I need help figuring out how to overclock an XFX R7 250 2GB DDR3 Core Edition and an AMD A10-7890K's memory clock and GPU frequency, respectively. First off, I intend to use these two in Dual Graphics, so I want them to share identical clock speeds in memory and operating frequency.

The XFX R7 250 has a core clock of 1050 Mhz, and a memory speed running at DDR3-1600, according to Radeon Crimson 17.4.4.
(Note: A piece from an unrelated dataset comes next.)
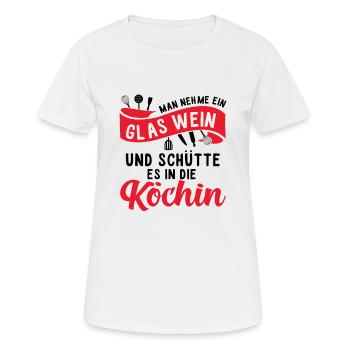 Netter Hobbykoch Spruch, kochen Geschenk - Frauen T-Shirt atmungsaktiv - Weiß - Vorne - AI Model Female 172 dark (172cm)
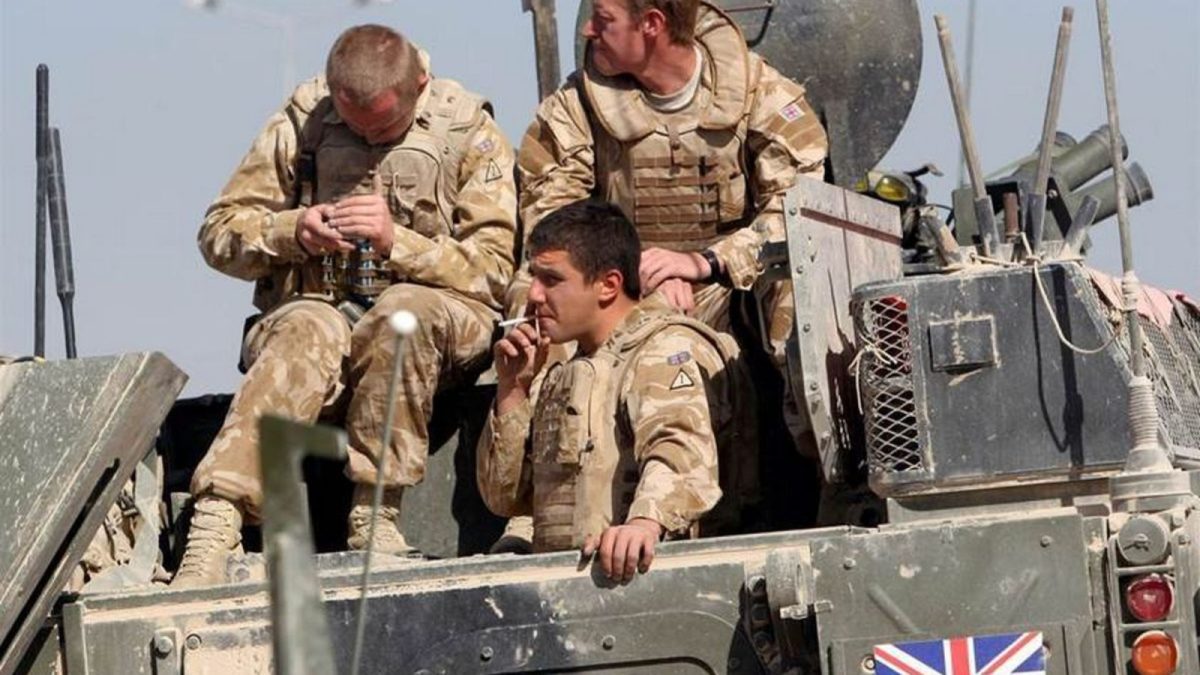 Βρετανικά Στρατεύματα κατοχής στο Ιράκ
The A10-7890K currently has a GPU clock of 866Mhz, and a memory speed of DDR3-2133, despite installing a Corsair Vengeance Pro 8GB 2400Mhz kit, because it spits out tons of memory errors when XMP'd to 2400. 2133, no memory problems whatsoever. The UEFI reserves 2 GBs of system memory for the Dual Graphics procedure, since the frame buffer sizes must match.

I know that overclocking the iGPU of the 7890K is done in the UEFI, but what knobs do I turn, so to speak? How do I add more voltage when the only voltage adjustments are the CPU and Northbridge voltage, along with VRIN calibration? Is that useful? Motherboard in use is the Gigabyte F2A88XN-WIFI. Ideally, I'd like to get to 1050 Mhz, mirroring the XFX card.

Now, I can also tell that the XFX card should be OC'd separately from the iGPU before activating dual graphics. However, I don't see any options to add memory voltage in Crimson. Should I keep using Crimson for this, or should I try MSI Afterburner instead? Ideally, I want to hit 2133 Mhz, mirroring the system memory.

Finally, how do I test if an OC for either of these is stable?
 
Solution
If you're crossfiring identical GPUs, or SLI-ing (which requires identical GPUs), then yes the frequencies should be matched. Not sure how it works for mix-matched GPUs/dual graphics. I figured it wouldn't make a difference, given that they are different GPUs with different core configurations and different memory interfaces. Even if you match the clocks, they would still be mismatched. I could be wrong though.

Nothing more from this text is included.